The new icon looks something like this. (Not sure who this guy Timothy D. Jester is, but he posted his boarding pass for us. Uh thanks Timothy. And sorry that you are on a waiting list for upgrade even with Global Services status. Typical.)

United app puts a TSApre icon on boarding passes now.

United app puts a TSApre icon on boarding passes now.

I thought the system failure was United’s fault since they had “changed my frequent flyer account to cohere with the TSApre database” and I was directed to “double check” all the data. I did everything I could to check through the website and even spent an hour on the phone with United last night.

This morning we discovered that the failure was my travel agent’s fault. They had my birthdate wrong in their system. Easy fix, and important too. Now the TSApre icon is on my boarding pass.

Moral of the story? Double check your birthdate entries if TSApre is failing for you. Apparently big brother cares when you were born.

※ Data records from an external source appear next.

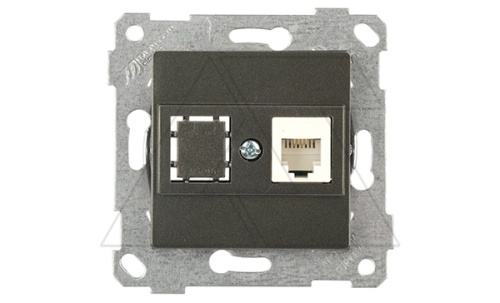 Rita - Розетка 1хRJ-45 кат. 5e UTP, дымчатый | код 2200-136-0195 | Mutlusan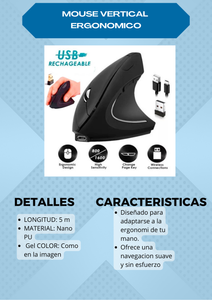 Mouse Ergonómico Inalámbrico Pro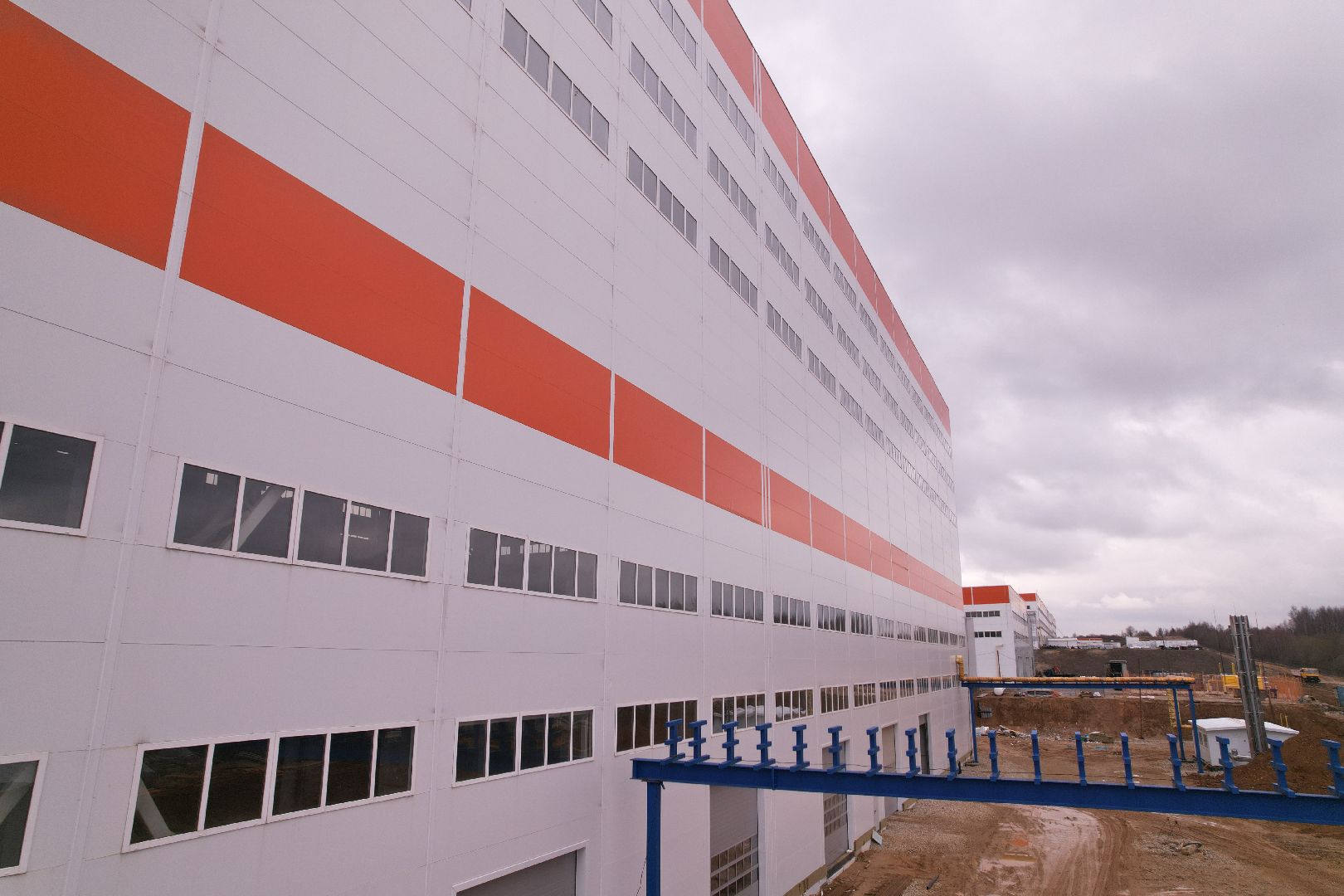 видео с коптера, строительство производственного предприятия в можайске,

FWIW, I made it through a very long (30 person) TSApre line in 6 minutes. Not bad.

One Response to “TSApre: Lesson from the Trenches”


  1. One of my Russian colleagues has the same name as a high-placed official in the Russian FSB. When he enters the US he gets…special…treatment. Date of birth is one of the key bits of evidence convincing the TSA that he’s not a former KGB, now FSB official.